The right hon. Gentleman may remember that during the coalition Government, we put measures through, agreed at European level, for a directive on transparency on payments made by the extractive industries across the developing world because of concerns about corruption with respect to mining in particular. That created greater transparency. The same approach could be taken on the tax issues that he is raising.
Yes, the extractive industry transparency initiative, which has been led by a former Member of this House, Clare Short, for some time, did a huge amount of good as, of course, have open registers, because open registers have continued that agenda of transparency. As I said at the outset, this agenda was championed and driven forward internationally through the British at the G8.

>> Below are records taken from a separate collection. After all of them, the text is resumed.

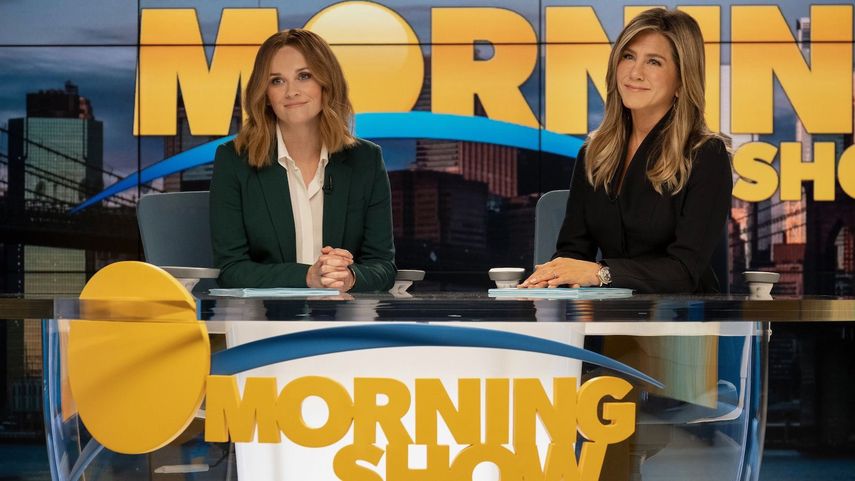 Jennifer Aniston y Reese Witherspoon en la serie The Morning Show, de Apple TV.&nbsp;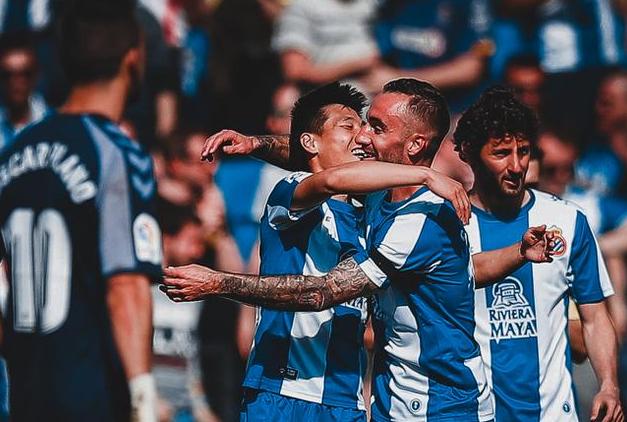 武磊替补世界级停球,武磊的世界级停球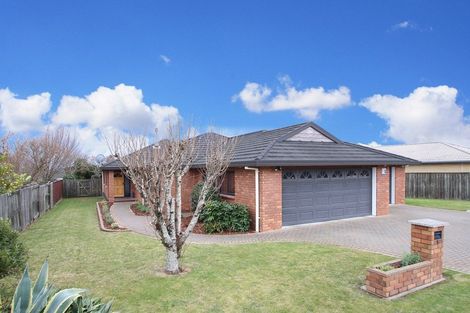 Photo of property in 4 Elmbridge Place, Owhata, Rotorua, 3010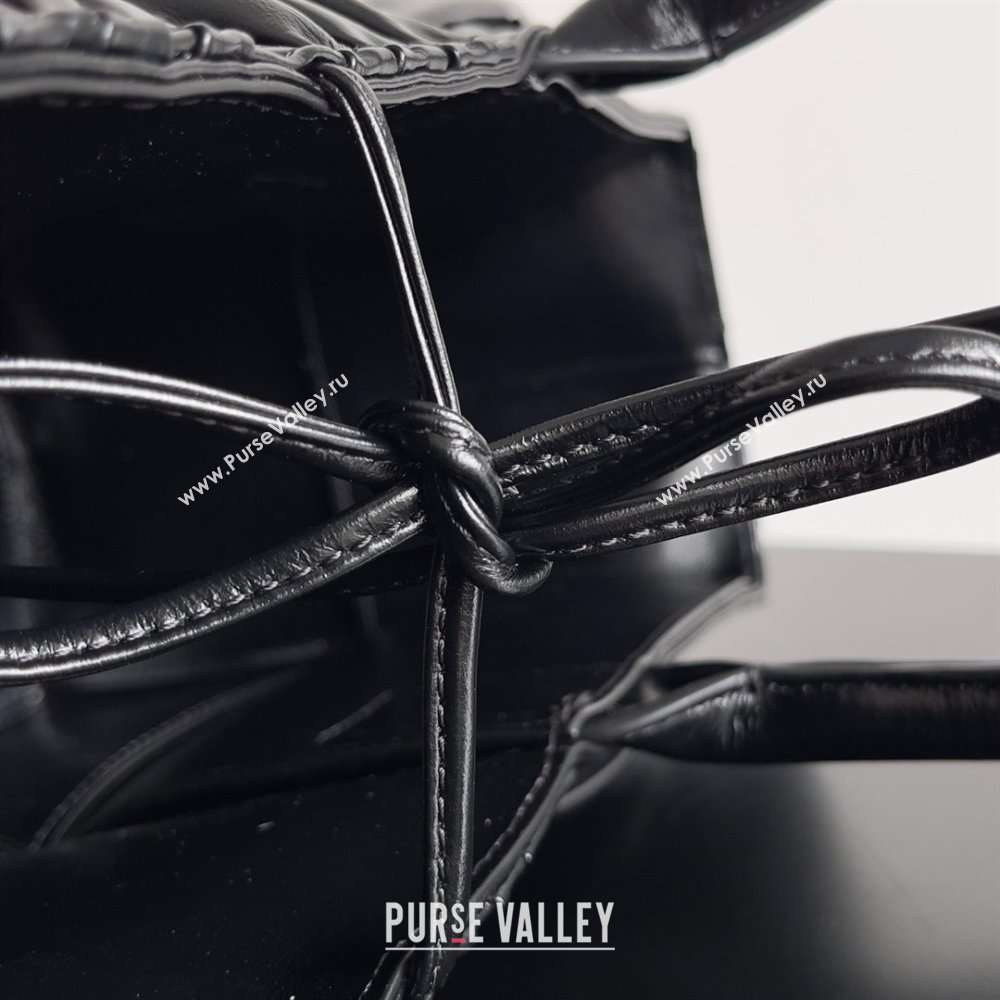 Bottega Veneta Small foulard Intreccio leather Arco Tote Bag black 2023 (misu-230927-12)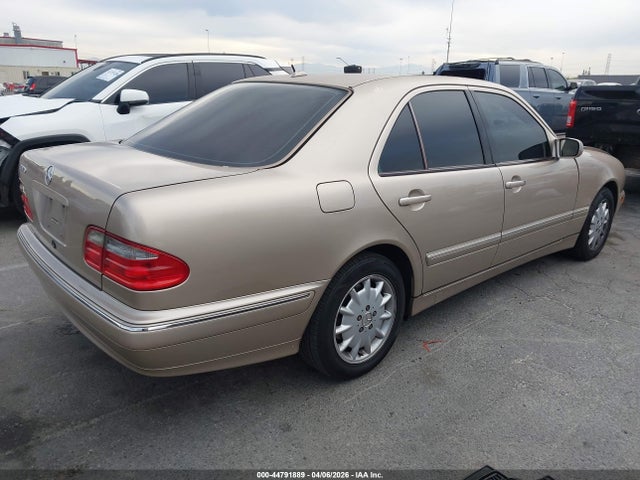 MERCEDES-BENZ E-CLASS - 4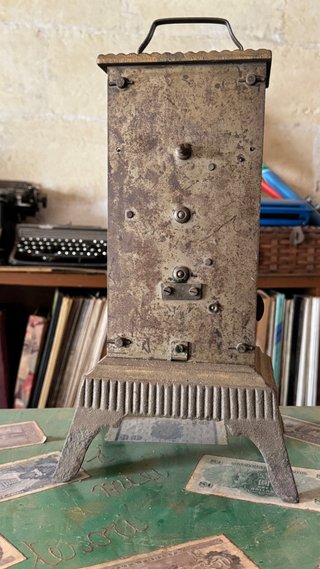 Girarrosto antico in ferro battuto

I agree with all the points that the right hon. Gentleman has been making. Does he accept that unless we can dig behind the accounts to see where companies, for example, inflate costs in countries where they can get lower tax rates and deflate costs in countries with higher tax rates, a tax strategy in itself is simply not going to ensure that we get behind how companies avoid paying tax in the countries where they earn the profits?
There is an important principle: while commercial confidentiality should not be compromised, we should move to greater transparency to tackle the problems that lie behind what the right hon. Gentleman is saying. I agree with that and I think that there is common cause across the House that that is what we want to do. Clearly, getting a multinational standard will be the right result, but these things have to be led.
In summary, the new clause is part of the noble campaign that is supported across the House, to shine a light on the profit shifting, transfer pricing and tax haven abuse that is used to minimise tax liabilities. The House has already voted in favour of public country-by-country reporting through an amendment to the Finance Bill in 2016, which gave the Treasury the power to make the information public. My right hon. Friend the Financial Secretary will no doubt rely on the prayer of St Augustine, “O Lord, make me chaste, but not yet,” and argue that the UK would not want to implement this reform unilaterally, and he has already acknowledged, in a letter to the right hon. Member for Barking (Dame Margaret Hodge) dated 27 February this year, that a multinational agreement to do country-by-country reporting would be a good achievement, but I put it to him that that is too timid an approach.
As we contemplate Britain’s role post Brexit and we set out what we mean by global Britain, let my right hon. Friend stand tall, show leadership internationally, and follow the proud, confident example of David Cameron and George Osborne. Let global Britain lead by example, to the huge benefit of our domestic taxpayers and taxes, and for those in the poorest countries, whose mineral wealth is so often developed without their citizens reaping the benefits they should receive and that they deserve. This reform would be in the finest traditions of Britain’s past international development leadership, and I commend the new clause to the House.